*** Opening of The records ***
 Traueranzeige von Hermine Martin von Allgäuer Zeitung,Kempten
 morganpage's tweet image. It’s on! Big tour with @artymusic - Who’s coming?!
*** Close of The records ***
*** Opening of The records ***
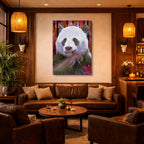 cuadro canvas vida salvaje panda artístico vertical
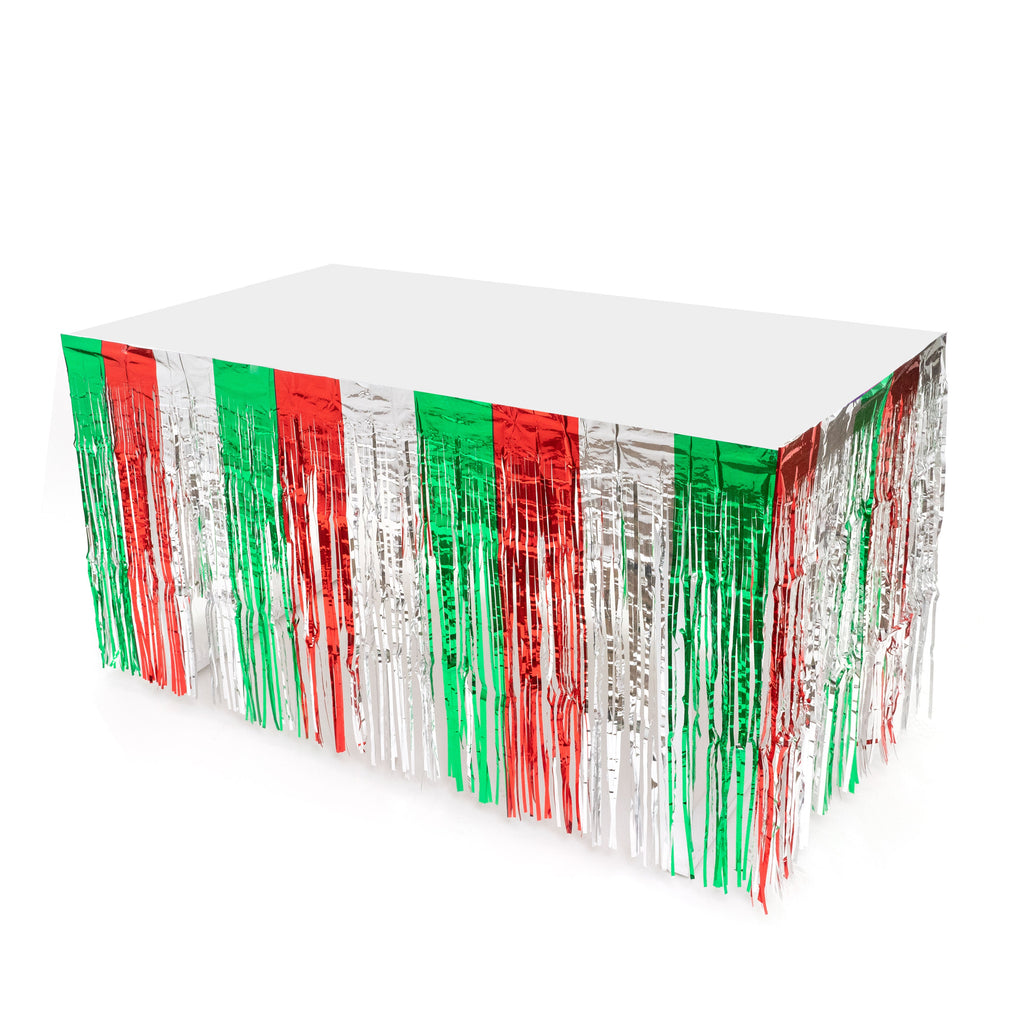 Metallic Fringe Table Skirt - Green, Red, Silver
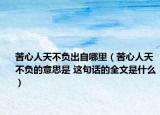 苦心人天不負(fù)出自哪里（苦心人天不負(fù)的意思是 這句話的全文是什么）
*** Close of The records ***
§ What this task involves
From the records above, copy out the line with "Traueranzeige von Hermine", the line with "morganpage's tweet image.", and every line between them, word for word.

§ Solution
 Traueranzeige von Hermine Martin von Allgäuer Zeitung,Kempten
 morganpage's tweet image. It’s on! Big tour with @artymusic - Who’s coming?!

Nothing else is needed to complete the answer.